MEET CHERYL LOW @_BookMistress
Cheryl Low might be an Evil Queen, sipping tea and peeping on everyone from high up in her posh tower—a job she got only after being fired from her gig as Wicked Witch for eating half the gingerbread house.
…Or she might be a relatively mundane human with a love for all things sugary and soap opera slaps.
Find out by following her on social media @cherylwlow or check her webpage, cheryllow.com. The answer might surprise you! But it probably won’t.
Social Media Links: Twitter& Instagram: @cherylwlow Website: cheryllow.com
In the Realm there are whispers. Whispers that the city used to be a different place. That before the Queen ruled there was a sky beyond the clouds and a world beyond their streets.

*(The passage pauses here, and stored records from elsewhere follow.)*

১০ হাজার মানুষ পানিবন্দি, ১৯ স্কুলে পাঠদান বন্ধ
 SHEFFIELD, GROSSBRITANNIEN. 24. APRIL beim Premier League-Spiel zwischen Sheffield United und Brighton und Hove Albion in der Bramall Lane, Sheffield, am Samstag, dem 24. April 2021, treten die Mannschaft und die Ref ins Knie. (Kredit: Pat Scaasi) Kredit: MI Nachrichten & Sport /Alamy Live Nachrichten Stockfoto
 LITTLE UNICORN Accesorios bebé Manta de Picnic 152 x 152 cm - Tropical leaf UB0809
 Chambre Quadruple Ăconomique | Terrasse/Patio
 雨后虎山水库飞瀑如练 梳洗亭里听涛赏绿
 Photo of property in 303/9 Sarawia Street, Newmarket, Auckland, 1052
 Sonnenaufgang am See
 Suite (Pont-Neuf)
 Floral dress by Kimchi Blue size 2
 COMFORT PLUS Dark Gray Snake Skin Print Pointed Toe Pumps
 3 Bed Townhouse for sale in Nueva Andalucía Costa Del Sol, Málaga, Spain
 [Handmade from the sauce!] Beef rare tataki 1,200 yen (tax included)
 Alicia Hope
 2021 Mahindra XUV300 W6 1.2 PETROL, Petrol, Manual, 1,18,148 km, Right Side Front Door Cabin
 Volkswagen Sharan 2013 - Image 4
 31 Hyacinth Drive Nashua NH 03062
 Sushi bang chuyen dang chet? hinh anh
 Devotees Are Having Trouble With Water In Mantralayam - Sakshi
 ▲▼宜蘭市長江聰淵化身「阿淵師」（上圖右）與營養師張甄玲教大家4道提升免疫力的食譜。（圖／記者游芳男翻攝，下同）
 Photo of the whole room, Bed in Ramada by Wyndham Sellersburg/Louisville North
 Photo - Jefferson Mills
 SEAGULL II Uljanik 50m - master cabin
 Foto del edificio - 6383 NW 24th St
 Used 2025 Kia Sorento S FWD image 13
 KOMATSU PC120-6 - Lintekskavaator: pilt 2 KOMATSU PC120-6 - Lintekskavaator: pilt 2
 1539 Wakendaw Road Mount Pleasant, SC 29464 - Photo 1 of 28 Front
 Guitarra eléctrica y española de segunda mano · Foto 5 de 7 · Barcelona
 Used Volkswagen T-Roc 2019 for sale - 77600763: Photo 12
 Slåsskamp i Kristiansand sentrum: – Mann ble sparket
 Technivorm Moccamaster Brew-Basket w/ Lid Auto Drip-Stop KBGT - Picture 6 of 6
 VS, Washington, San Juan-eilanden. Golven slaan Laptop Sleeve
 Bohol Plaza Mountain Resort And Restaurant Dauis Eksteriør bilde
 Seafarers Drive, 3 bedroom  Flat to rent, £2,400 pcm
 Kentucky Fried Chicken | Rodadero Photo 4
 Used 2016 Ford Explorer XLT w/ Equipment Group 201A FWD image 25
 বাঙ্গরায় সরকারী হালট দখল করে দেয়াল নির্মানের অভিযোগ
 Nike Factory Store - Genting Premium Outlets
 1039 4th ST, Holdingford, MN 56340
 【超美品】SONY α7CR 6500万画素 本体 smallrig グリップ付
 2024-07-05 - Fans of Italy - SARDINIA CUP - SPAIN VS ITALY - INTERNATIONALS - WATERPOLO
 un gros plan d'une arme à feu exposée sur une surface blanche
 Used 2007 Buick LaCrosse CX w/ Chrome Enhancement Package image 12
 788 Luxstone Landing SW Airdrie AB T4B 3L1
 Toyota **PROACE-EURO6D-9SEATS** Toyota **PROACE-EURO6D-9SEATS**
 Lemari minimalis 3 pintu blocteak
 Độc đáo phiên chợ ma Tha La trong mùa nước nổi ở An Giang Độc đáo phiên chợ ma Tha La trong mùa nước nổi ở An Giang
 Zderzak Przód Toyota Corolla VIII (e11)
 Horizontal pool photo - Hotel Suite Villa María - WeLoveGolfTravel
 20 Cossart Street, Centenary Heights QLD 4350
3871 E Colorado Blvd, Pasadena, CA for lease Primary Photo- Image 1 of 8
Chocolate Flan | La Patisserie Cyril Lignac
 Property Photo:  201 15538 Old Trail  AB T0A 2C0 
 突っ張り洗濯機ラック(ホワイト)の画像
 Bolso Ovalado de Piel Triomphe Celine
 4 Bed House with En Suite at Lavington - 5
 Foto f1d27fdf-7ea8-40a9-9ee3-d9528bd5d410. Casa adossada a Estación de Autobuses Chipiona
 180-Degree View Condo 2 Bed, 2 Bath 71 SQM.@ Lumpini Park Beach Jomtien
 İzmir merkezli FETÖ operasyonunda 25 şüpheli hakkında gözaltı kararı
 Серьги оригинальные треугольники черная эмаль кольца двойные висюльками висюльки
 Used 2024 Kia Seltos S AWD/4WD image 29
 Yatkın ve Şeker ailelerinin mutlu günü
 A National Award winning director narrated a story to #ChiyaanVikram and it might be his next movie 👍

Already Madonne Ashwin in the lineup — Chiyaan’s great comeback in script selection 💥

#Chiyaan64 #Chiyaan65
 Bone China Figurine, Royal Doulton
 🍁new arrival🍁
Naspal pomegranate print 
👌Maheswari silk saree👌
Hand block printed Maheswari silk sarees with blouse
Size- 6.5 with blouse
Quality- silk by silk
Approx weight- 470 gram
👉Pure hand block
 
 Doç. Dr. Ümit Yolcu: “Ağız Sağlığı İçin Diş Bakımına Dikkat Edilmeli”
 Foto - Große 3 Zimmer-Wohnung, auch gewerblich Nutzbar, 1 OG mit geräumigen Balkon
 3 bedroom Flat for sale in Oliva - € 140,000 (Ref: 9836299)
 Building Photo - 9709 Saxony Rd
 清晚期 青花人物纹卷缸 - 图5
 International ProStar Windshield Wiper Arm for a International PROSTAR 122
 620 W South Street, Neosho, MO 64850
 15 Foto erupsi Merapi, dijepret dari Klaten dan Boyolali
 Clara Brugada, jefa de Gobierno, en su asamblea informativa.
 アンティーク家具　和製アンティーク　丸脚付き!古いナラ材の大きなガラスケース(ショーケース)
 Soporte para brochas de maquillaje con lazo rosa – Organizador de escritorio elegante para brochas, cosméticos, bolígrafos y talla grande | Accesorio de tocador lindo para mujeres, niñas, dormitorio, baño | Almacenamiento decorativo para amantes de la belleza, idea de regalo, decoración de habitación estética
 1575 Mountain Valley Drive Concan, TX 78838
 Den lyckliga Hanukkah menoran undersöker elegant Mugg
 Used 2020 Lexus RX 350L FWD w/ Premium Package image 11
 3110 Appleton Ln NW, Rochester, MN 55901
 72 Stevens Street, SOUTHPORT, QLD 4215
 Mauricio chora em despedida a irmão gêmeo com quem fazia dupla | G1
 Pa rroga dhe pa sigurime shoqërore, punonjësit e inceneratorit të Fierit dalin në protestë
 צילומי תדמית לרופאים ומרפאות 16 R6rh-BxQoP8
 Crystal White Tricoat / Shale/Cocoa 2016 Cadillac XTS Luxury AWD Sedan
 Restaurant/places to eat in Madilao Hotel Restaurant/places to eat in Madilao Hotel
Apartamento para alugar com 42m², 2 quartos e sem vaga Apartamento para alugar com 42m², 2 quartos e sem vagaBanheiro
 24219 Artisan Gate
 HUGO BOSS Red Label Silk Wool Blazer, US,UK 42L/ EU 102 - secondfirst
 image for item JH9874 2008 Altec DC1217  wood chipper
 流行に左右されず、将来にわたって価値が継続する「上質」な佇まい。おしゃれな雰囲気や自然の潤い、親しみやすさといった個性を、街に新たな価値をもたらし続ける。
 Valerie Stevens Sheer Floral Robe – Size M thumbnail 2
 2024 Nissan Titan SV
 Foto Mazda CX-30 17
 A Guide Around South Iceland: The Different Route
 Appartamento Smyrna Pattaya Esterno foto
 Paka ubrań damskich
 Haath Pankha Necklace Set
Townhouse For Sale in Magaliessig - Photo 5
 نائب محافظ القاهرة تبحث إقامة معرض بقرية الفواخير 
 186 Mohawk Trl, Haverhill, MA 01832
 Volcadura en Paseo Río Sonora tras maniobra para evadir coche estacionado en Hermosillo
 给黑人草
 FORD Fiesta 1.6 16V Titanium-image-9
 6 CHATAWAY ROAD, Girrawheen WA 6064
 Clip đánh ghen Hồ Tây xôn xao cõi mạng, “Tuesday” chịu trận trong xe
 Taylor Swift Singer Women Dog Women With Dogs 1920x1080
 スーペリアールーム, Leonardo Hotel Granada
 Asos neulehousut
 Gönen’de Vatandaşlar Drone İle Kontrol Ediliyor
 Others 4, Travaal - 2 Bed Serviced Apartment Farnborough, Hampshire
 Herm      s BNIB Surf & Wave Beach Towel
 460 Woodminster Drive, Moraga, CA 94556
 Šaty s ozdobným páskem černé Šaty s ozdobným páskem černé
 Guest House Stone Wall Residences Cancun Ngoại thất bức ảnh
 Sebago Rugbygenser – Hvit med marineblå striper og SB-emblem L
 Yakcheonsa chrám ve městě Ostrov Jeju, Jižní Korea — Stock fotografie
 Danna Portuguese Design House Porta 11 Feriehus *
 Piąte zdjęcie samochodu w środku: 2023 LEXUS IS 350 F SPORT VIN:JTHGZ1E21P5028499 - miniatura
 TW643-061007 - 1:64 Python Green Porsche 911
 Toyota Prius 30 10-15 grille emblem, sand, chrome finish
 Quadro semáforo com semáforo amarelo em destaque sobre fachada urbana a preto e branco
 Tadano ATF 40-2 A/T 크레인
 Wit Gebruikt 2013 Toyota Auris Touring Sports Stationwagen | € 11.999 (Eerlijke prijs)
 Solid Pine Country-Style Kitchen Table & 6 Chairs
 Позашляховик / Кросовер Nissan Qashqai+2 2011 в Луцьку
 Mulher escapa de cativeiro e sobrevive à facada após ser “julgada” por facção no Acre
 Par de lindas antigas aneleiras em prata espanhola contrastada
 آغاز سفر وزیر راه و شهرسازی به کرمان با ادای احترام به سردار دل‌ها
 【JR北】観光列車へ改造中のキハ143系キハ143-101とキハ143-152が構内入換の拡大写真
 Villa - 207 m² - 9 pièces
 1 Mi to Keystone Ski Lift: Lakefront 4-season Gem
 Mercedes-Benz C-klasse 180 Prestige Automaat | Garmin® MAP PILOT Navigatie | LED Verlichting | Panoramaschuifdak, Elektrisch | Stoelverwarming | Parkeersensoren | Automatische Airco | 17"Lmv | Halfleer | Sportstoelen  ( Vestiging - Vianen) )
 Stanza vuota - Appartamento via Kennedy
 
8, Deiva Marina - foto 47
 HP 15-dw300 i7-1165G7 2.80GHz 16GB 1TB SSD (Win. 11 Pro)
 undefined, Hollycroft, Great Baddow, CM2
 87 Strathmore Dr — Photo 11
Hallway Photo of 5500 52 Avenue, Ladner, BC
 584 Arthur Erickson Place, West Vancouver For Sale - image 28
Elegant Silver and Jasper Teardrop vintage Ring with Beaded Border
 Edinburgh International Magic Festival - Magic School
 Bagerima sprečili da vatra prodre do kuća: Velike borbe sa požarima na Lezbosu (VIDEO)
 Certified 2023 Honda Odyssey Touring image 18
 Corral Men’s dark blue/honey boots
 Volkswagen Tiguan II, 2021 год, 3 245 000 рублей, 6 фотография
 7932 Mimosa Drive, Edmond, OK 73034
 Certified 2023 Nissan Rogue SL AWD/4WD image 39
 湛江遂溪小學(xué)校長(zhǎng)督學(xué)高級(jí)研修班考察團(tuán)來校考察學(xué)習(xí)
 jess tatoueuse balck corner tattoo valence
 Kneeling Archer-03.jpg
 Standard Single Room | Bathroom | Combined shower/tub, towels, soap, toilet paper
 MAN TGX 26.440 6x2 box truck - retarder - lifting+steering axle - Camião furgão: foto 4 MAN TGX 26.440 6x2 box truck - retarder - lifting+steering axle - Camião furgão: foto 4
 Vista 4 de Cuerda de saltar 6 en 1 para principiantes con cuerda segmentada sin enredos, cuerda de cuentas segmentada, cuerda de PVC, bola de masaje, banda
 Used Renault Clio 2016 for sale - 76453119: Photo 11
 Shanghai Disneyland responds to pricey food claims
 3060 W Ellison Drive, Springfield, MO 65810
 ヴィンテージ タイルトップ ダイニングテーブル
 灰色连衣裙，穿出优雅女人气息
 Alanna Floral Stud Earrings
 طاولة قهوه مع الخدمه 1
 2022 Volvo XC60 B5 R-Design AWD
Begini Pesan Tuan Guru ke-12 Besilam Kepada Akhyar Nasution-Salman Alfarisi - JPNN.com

Vaun Dray Fen never knew that world. Born a prince without a purpose in a Realm ruled by lavish indulgence, unrelenting greed, and vicious hierarchy, he never knew a time before the Queen’s dust drugged the city. From the tea to the pastries, everything is poisoned to distract and dull the senses. And yet, after more than a century, his own magic is beginning to wake. The beautiful veneer of the Realm is cracking. Those who would defy the Queen turn their eyes to Vaun, and the dust saturating the Realm.
From the carnivorous pixies in the shadows to the wolves in the streets, Vaun thought he knew all the dangers of his city. But when whispers of treason bring down the fury of the Queen, he’ll have to race to save the lives and souls of those he loves.
“A deliciously decadent debut that will make you reconsider the world within which we live – because how different are we than Low’s drugged-up citizens of the upper crust?” — Sara Dobie Bauer, author of the Bite Somebody series
A Typical Writing Day
I start early. I think that’s key for me because if I sleep in, I pretty much meander through the rest of the day or find ways of distracting myself rather than getting anything done. I also avoid television and movies on writing days. It’s been my experience that as soon as I turn the Netflix on, all writing comes to a stop. I know that might sound like a given but I used to write with movies on in the background. Somewhere along the way that stopped.
I’m a plotter, so I have an outline when I write. I fell into this a while back and it really suits me. I obsess over a story for a while and keep notes on it, writing down scenes and ideas, and then when I’m ready I flesh that out into a full outline. It can be as detailed as paragraphs and dialogue or as vague as “put something here”.
I pick out a month when I have the least work on my schedule, usually July or August, and then I give myself a word-count-a-day goal. I set it at five-thousand a day, Monday through Friday, and leave the weekend for resting and catching up if I fall behind. It’s been my experience that the first week is the strongest because I’m so eager to get writing—usually coming out over my goal—while the rest of the month is closer to the mark. By the end of the month I have a first draft. It’s rough, don’t get me wrong, but it’s a completed draft and that really works wonders for my motivation.
I use some tricks to keep going, because if you’re writing with a word-count goal then you can’t afford to get stuck. The outline is key. No down time deciding what to do next and inevitably getting distracted by Twitter or Instagram. If I write something I already know isn’t going to work or I don’t like the sound of it but can’t right at that moment come up with something better, I highlight it and move on. Same thing with names or terms I haven’t yet come up with, I leave a gap of underline and move on. Those are all things I can fix later.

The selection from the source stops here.